L’arbre à palabre. Un lieu important dans les villages africains où les habitants se réunissent pour discuter, boire du thé, nourrir les enfants ou se coiffer les uns les autres. Au Niger, c’est là aussi que les hommes de nombreux villages se rencontrent deux fois par mois. Ils discutent contraception, préparation à l’accouchement, et polio.

 

« Au Niger, c’est l’homme qui détient le pouvoir de toute chose. C’est lui qui décide si sa femme continuera de faire des enfants ou pas, quels sont les moyens investis pour traiter les problèmes de santé, etc. Ors, tous les programmes dans ce domaine se sont toujours axés vers la femme. Nous avons compris que nous devions sensibiliser les maris plutôt que les femmes pour ces questions », explique Mohammed Haldara, directeur de l’ONG Songes. C’est à partir de ce constat qu’en 2008, Songes a créé l’école des maris, soutenu par le Fond des Nations unies pour la population (UNFPA). Promouvoir l’accouchement assisté, les consultations prénatales et l’élaboration d’un planning familial fait partie des priorités que s’est fixées l’ONG.

 

Centres de santé

 

« Il faut que les femmes accouchent dans les centres de santé », affirme Mohammed Haldara, qui se soucie tant de la santé de la mère que de celle de l’enfant. Mais, dans de nombreux cas, les Nigériennes continuent d’enfanter chez elles. « Elles ne font pas confiance aux sages femmes, qui sont souvent jeunes et préfèrent se tourner vers les matrones. D’autre part, même si elles ont été sensibilisées, les hommes leur interdisent parfois de se rendre au centre. Soit pour des questions d’argent, soit parce qu’ils ne veulent pas qu’un homme touche leur femme, soit parce qu’ils ne comprennent pas l’importance que cela peut avoir », explique le directeur. À cela s’ajoute un esprit de tradition. « Je suis né à la maison, mon père aussi et mon grand-père aussi. Pourquoi mon enfant devrait-il naitre dans un centre de santé ? », rétorquent de nombreux pères de famille à leur épouse.

 

Souvent négligées par les Nigériens, les consultations prénatales sont aussi promues par l’école des maris. Elles permettent de préparer la naissance et d’éviter que l’enfant ne meure pendant l’accouchement. Depuis que son époux fréquente l’école, Nihoussa est obligée de s’y rendre. « Mon mari m’emmenait déjà au centre de santé pour accoucher », explique la jeune femme. « Mais depuis qu’il est à l’école des maris, c’est lui qui prend tous mes rendez-vous de consultations. Il m’oblige à y aller et s’il a trop de travail pour m’accompagner, il envoie toujours quelqu’un à sa place », poursuit-elle.

 

Le taux de fécondité le plus élevé

 

Le taux de fécondité du Niger est le plus élevé du monde avec 6,76 enfants par femmes. « Avoir beaucoup d’enfants, c’est un signe de pouvoir, une richesse », explique Mohammed Haldara. La promotion de la contraception est souvent perçue comme une politique gouvernementale pour empêcher les femmes d’avoir des enfants et lutter ainsi contre l’explosion démographique. « Ce n’est pas l’objectif. Mais pour des questions de santé et de bien-être, il est important d’espacer les naissances d’au moins deux ans. C’est ce que nous expliquons aux maris », poursuit le directeur de Songe.
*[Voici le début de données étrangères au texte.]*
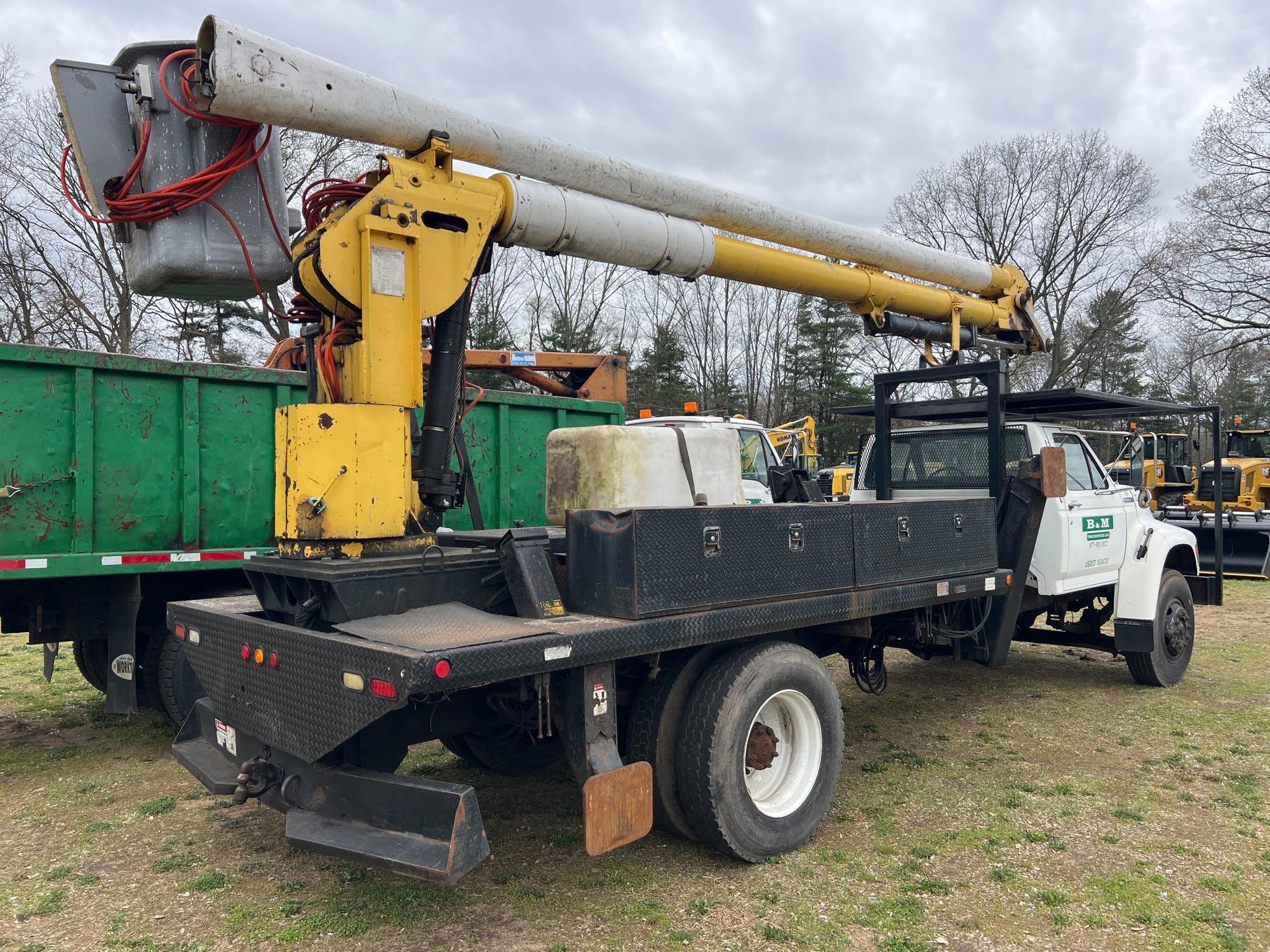 1987 FORD F800 BUCKET TRUCK VN:1FDPT84A6HVA35191 powered by diesel engine, equipped with bucket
« En fait, être à l’école des maris cela nous aide à sortir de l’ignorance », explique l’un des étudiants. « Religieusement, la femme est soumise à son mari, mais les hommes abusent souvent de ces responsabilités », poursuit-il.

 

L’écho de la connaissance

 

L’école des maris fonctionne sur le principe d’une chaine. Lorsque Songe arrive dans un village, l’ONG commence par aller à la rencontre les agents de santé, des chefs religieux et du chef de village pour leur exposer son projet. Ceux qui sont intéressés sont appelés à s’inscrire. Douze d’entre eux sont ensuite sélectionnés pour devenir des « maris modèles ». « Ce sont eux qui porteront les couleurs de l’école des maris, des badges, des sacs, des vestes à l’effigie de l’école », précise un étudiant. Les « douze » se rencontrent deux fois par mois en présence d’un coach et identifient les problèmes liés à la santé de la reproduction et débattent des solutions. Ensuite, chacun d’entre eux se rend les maisons des villageois installés dans un cercle de sept kilomètres pour rendre compte de ce qui a été discuté.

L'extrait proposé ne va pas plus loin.